Start date

2022

End date

2024

Coordinator

Raquel Bailón & Jordi Aguiló

Funding agency

Agencia Estatal de Investigación


Chronic diseases, especially those related to central nervous system (CNS) represent an unprecedented challenge for healthcare systems, since its course is dynamic with increasingly high care costs. A change in paradigm towards early diagnosis and intervention to prevent adverse outcomes would be beneficial for patients, carers as well as healthcare economy. Thanks to the blossom of smartphone sensors and wearable devices during the last years, remote monitoring and digitalization of healthcare emerge as potential solutions which may allow the early identification and consequent treatment of disease deterioration or relapse. In this context, the RADAR-CNS (Remote Assessment of Disease and Relapse-Central Nervous System) project, funded in IMI2-Call3 and lead by Kings College London from academia and by Janssen Pharmaceutical from EFPIA, created an infrastructure that allowed the remote monitoring of patients with depression, multiple sclerosis and epilepsy (https://www.radar-cns.org/). This project resulted in large multicenter cohorts in these three main CNS diseases, with patients followed up and remotely monitored for two years.

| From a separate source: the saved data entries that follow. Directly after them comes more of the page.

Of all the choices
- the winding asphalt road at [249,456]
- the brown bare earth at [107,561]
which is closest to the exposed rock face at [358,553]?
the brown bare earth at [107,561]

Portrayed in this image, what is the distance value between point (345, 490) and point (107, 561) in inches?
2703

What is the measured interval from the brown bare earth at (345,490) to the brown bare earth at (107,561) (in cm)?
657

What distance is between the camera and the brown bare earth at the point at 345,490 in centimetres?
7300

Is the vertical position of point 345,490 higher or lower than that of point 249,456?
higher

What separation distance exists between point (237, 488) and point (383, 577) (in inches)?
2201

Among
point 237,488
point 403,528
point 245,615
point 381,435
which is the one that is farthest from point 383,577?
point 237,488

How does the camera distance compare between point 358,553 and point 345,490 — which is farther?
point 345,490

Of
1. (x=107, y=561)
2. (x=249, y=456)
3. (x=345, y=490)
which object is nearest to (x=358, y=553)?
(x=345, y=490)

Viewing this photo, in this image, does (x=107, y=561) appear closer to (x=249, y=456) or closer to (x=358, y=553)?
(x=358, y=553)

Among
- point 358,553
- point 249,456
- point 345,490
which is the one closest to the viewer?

In this project, RADAR-CNS data will be exploited and expanded with new data with the goal of providing digital biomarkers which allow the identification of early signs of relapse and disease deterioration of patients with multiple sclerosis (MS) and depression (MDD). This will enable early intervention and treatment, improving patients health and quality of life as well as reducing healthcare system costs. It will also increase patients awareness of their health and empower them to self-manage the disease.

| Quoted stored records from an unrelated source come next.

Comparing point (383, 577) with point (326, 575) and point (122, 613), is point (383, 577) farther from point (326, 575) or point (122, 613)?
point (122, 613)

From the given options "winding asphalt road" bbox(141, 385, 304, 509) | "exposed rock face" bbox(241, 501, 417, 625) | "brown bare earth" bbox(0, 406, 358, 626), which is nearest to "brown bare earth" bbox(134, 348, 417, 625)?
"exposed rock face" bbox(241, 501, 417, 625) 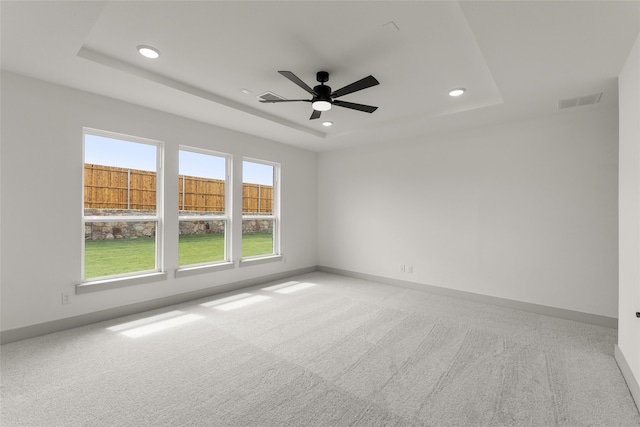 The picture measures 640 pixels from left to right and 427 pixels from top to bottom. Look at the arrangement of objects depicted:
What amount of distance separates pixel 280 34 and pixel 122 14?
3.80ft

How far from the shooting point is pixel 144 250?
6.11 meters

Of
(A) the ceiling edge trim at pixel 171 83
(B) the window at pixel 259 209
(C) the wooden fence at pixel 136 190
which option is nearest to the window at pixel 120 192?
(C) the wooden fence at pixel 136 190

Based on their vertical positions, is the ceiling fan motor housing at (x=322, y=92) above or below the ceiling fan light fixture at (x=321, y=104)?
above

The project’s main goal is to advance towards health digitalization in MS and MDD patient monitoring. In both chronic diseases, two different approaches will be considered: i) a gross but continuous monitoring using a wrist-worn device which provides 24/7 data and allows for the estimation digital biomarkers reflecting changes in trends in heart rate and activity data during daily life induced by changes in sleep, mood, behaviour and cognition; and ii) a finer but occasional monitoring using physiological signals recorded both at clinical visits and at home, which allows a reliable and noninvasive assessment of autonomic nervous system (ANS) biomarkers, based on the hypothesis that ANS dysfunction plays a key role in the development and progression both of MS and MDD disorders.